Similarly, applying Ohm's law for resistor R2 and current I2 we get,

$V=I_2\times R_2 ......\left(6\right)$

Equating equations $\left(5\right)$ and $\left(6\right)$ we get,

$I_1=I_2\frac{R_2}{R_1} ......\left(7\right)$

Introducing the value of equation $\left(7\right)$ in equation $\left(1\right)$, we get,

$I_T=I_2\frac{R_2}{R_1}+I_2 ......\left(8\right)$

$\Rightarrow I_T=I_2\left[\frac{R_2}{R_1}+1\right] ......\left(9\right)$

$\Rightarrow I_T=I_2\left[\frac{R_2+R_1}{R_1}\right] ......\left(10\right)$

$\Rightarrow I_2=I_T\left[\frac{R_1}{R_2+R_1}\right] ......\left(11\right)$

Introducing the value of equation $\left(11\right)$ in equation $\left(3\right)$ we get,

$I_1=I_T\left[\frac{R_2}{R_2+R_1}\right]$

Which gives the current divider rule.

Parallel conductance

Apart from the current division method, the method of conductance can also be used to determine the current in the branched circuits. Conductance is the reciprocal of resistance in only DC circuits, and it is measured in Ohms.

Hence, for a circuit with several parallelly connected resistors, the conductance is simply the reciprocal of total resistances.

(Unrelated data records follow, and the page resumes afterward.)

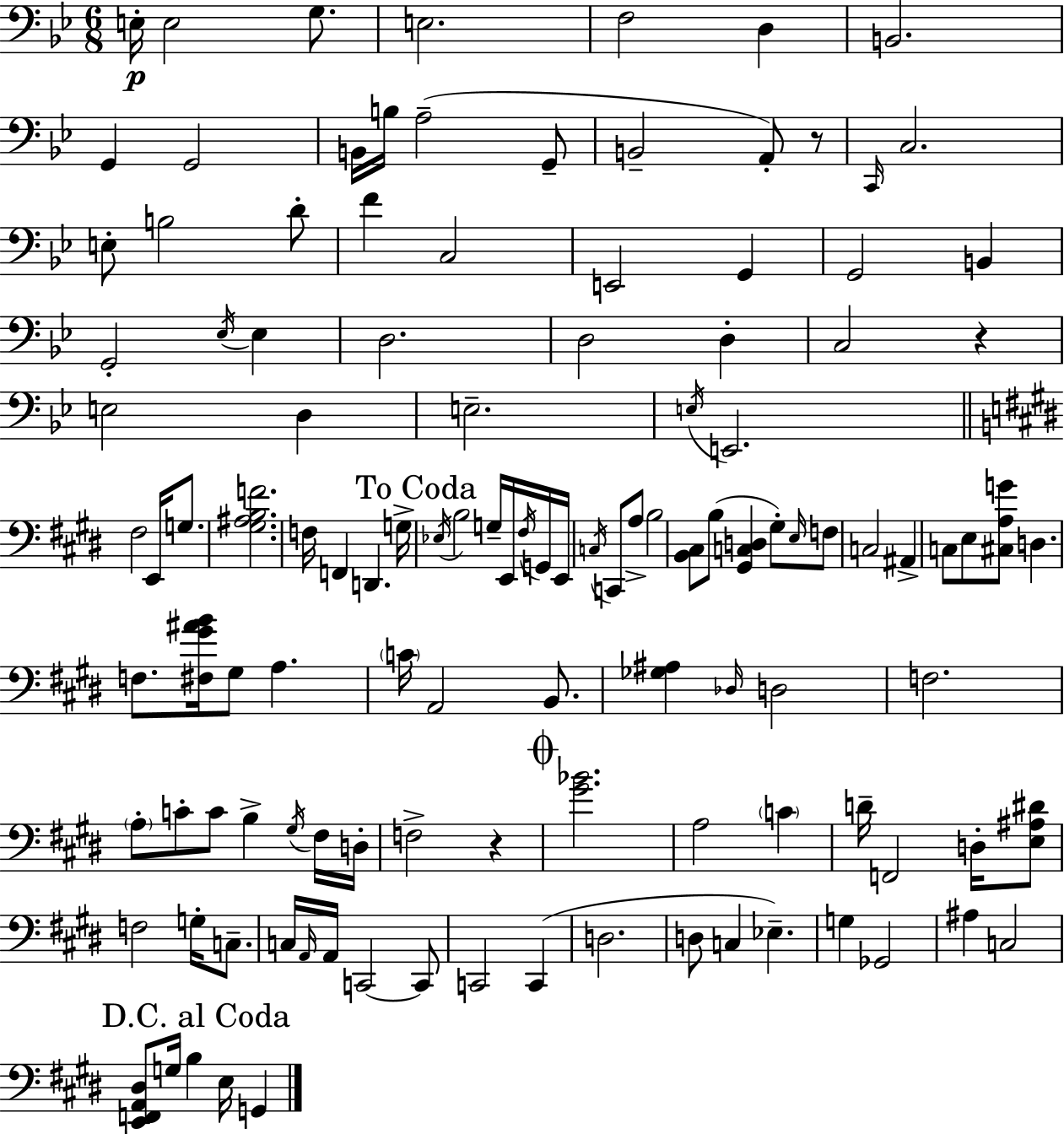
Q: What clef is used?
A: bass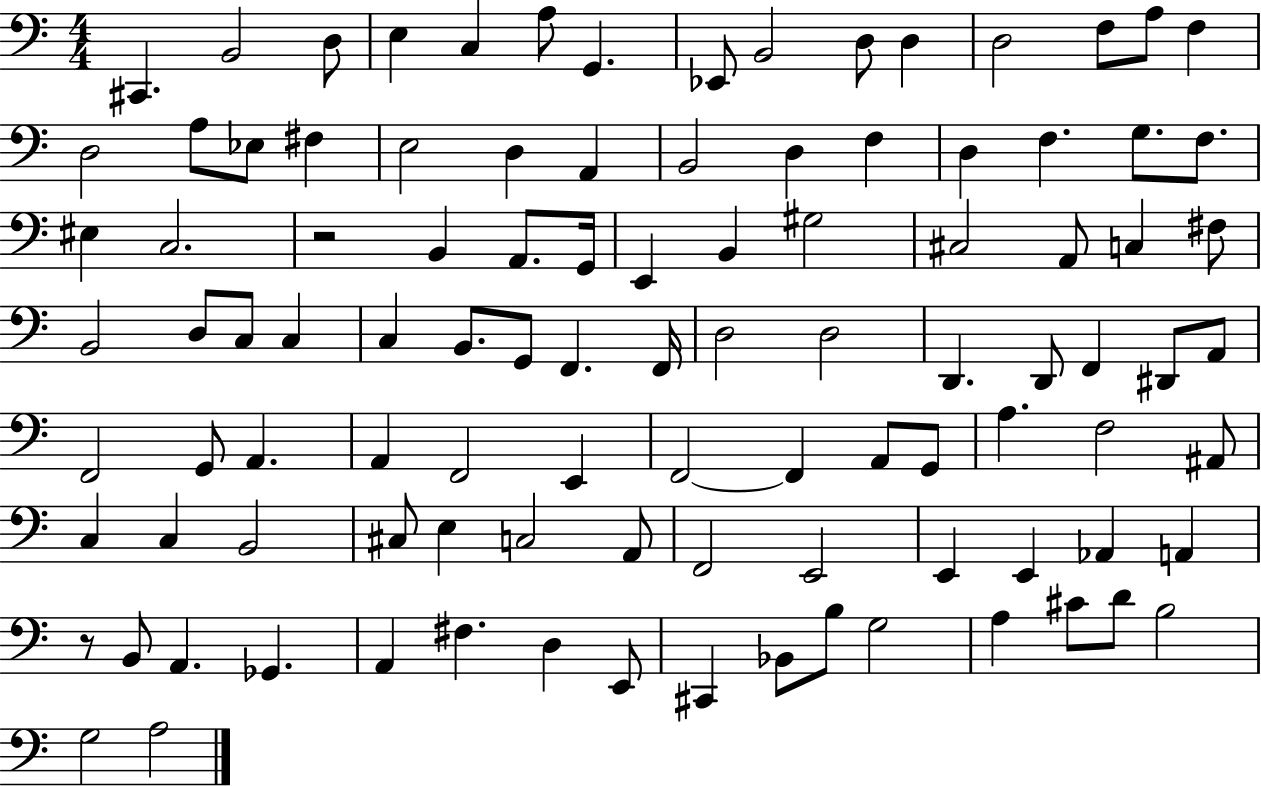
{
  \clef bass
  \numericTimeSignature
  \time 4/4
  \key c \major
  cis,4. b,2 d8 | e4 c4 a8 g,4. | ees,8 b,2 d8 d4 | d2 f8 a8 f4 | \break d2 a8 ees8 fis4 | e2 d4 a,4 | b,2 d4 f4 | d4 f4. g8. f8. | \break eis4 c2. | r2 b,4 a,8. g,16 | e,4 b,4 gis2 | cis2 a,8 c4 fis8 | \break b,2 d8 c8 c4 | c4 b,8. g,8 f,4. f,16 | d2 d2 | d,4. d,8 f,4 dis,8 a,8 | \break f,2 g,8 a,4. | a,4 f,2 e,4 | f,2~~ f,4 a,8 g,8 | a4. f2 ais,8 | \break c4 c4 b,2 | cis8 e4 c2 a,8 | f,2 e,2 | e,4 e,4 aes,4 a,4 | \break r8 b,8 a,4. ges,4. | a,4 fis4. d4 e,8 | cis,4 bes,8 b8 g2 | a4 cis'8 d'8 b2 | \break g2 a2 | \bar "|."
}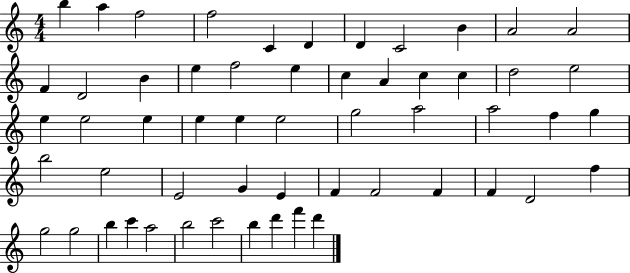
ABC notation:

X:1
T:Untitled
M:4/4
L:1/4
K:C
b a f2 f2 C D D C2 B A2 A2 F D2 B e f2 e c A c c d2 e2 e e2 e e e e2 g2 a2 a2 f g b2 e2 E2 G E F F2 F F D2 f g2 g2 b c' a2 b2 c'2 b d' f' d'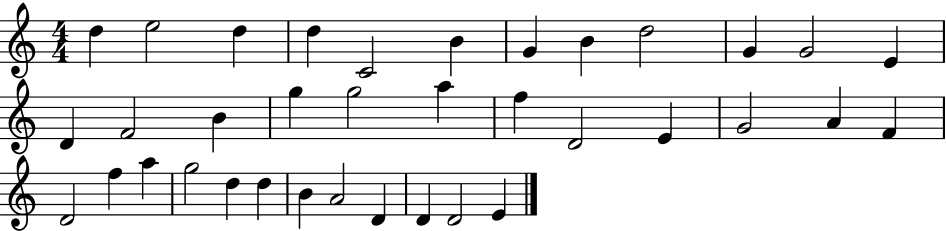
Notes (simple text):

D5/q E5/h D5/q D5/q C4/h B4/q G4/q B4/q D5/h G4/q G4/h E4/q D4/q F4/h B4/q G5/q G5/h A5/q F5/q D4/h E4/q G4/h A4/q F4/q D4/h F5/q A5/q G5/h D5/q D5/q B4/q A4/h D4/q D4/q D4/h E4/q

It can be mathematically expressed as,

$\frac{1}{R_T}=\frac{1}{R_1}+\frac{1}{R_2}+\frac{1}{R_3}+....$ where, $R_T$ denotes the total resistance and $R_1, R_2,$ and $R_3$ represent the individual resistance values.

If conductance is represented by $C$ then the above equation can be written as,

$C_T=C_1+C_2+C_3+...$

Context and Applications

The topic is taught in many undergraduate and postgraduate degree courses like:

• Bachelors of Technology (Electrical Engineering)
• Bachelors of Technology (Electronics Engineering)
• Bachelors of Technology (Electronics and Electrical Engineering)
• Bachelors of Technology (Mechanical Engineering)
• Masters of Technology (Electrical Engineering)

Practice Problems

Q1. Which of the following rule is used to determine the individual branched currents in a circuit?

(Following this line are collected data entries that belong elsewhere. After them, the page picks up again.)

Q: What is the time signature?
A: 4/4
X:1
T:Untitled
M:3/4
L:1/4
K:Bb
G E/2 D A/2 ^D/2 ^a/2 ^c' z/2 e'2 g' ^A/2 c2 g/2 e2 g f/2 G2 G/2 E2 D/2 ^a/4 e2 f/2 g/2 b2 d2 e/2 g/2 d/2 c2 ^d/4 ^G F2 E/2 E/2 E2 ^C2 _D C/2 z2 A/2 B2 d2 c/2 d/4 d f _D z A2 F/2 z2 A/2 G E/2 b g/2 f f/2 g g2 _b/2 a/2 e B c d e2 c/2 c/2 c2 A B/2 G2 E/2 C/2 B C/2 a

a. Kirchhoff's current law

b. Thevenin's theorem

c. Theory of superposition

d. None of these

Answer: Option a

Explanation: Kirchhoff's current law or KCL denotes the total current entering and leaving the node of a circuit is equal to zero. Hence, KCl can be used to determine the individual branched currents in a circuit.

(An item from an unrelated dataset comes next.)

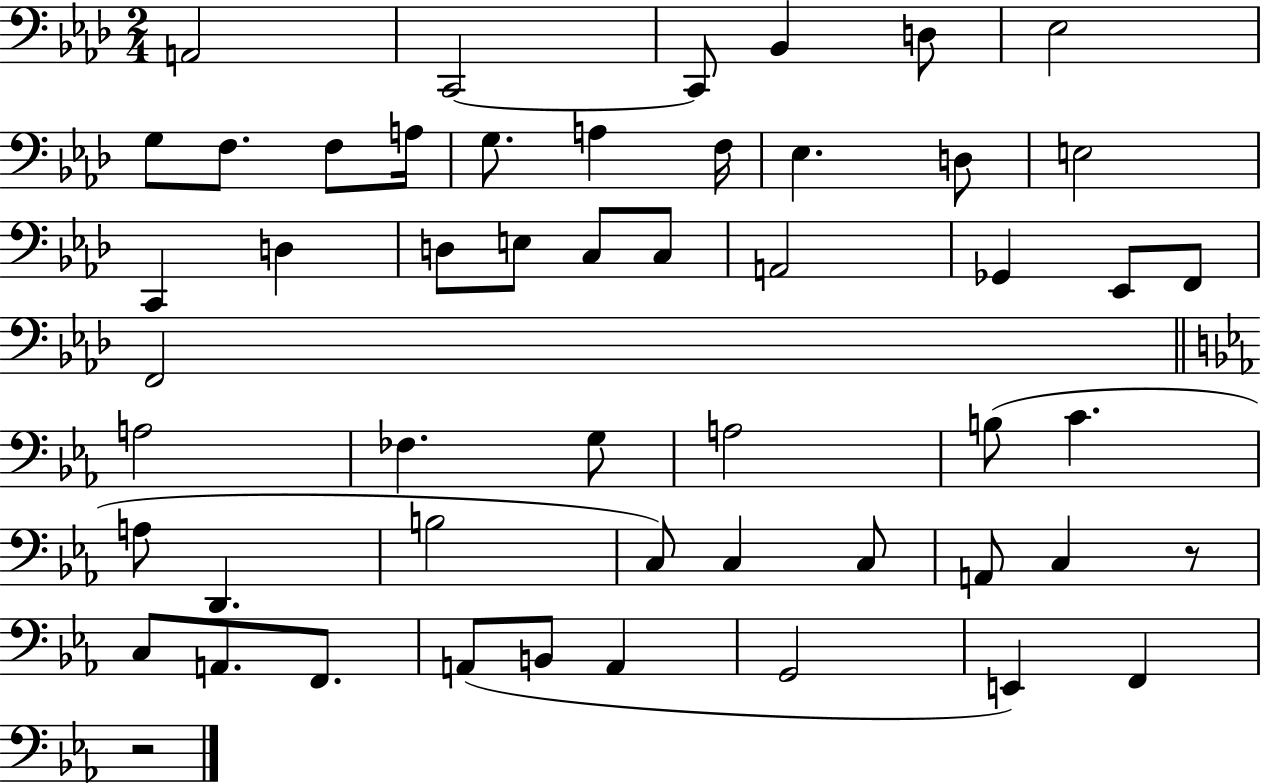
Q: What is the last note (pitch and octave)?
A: F2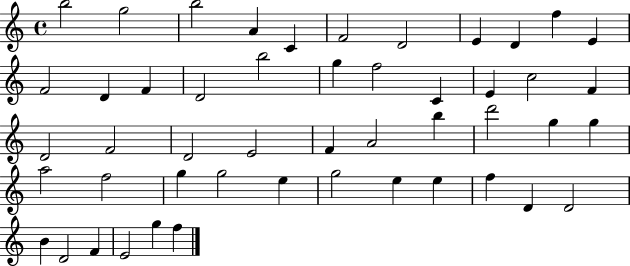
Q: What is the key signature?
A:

Q2. What is the reciprocal of resistance?

a. Impedance

b. Conductance

c. Capacitance

d. None of these

Answer: Option b

Explanation: Conductance is the reciprocal of resistance. Apart from the current division method, the method of conductance can be used to determine the individual currents in branched circuits.

Q3. What is the abbreviation of KVL?

a. Kirchhoff's volts law

b. Kirchhoff's voltage law

c. Klaus Keil voltage law

d. Klaus Keil volt law

Answer: Option b

Explanation: Kirchhoff's voltage law (KVL) is used to determine the individual voltages in a branched circuit. 

Q4. What is the primary work of the current divider rule?

a. To divide the total current into individual branched currents 

b. To divide the total resistance into individual resistances

c. Both a and b

d. None of these

Answer: Option a

Explanation: Current divider rule is used to determine the individual branched currents in a linear circuit. Essentially the components must be connected in parallel to apply the rule.

Q5. Which of the following is true in the current divider rule?

a. The energy is conserved

b. The impedance is conserved

c. The components must be connected in series

d. Total energy expanded should be minimum

Answer: Option d

Explanation: In a liner circuit the current divider rule is so applied that the total energy expanded remains minimum.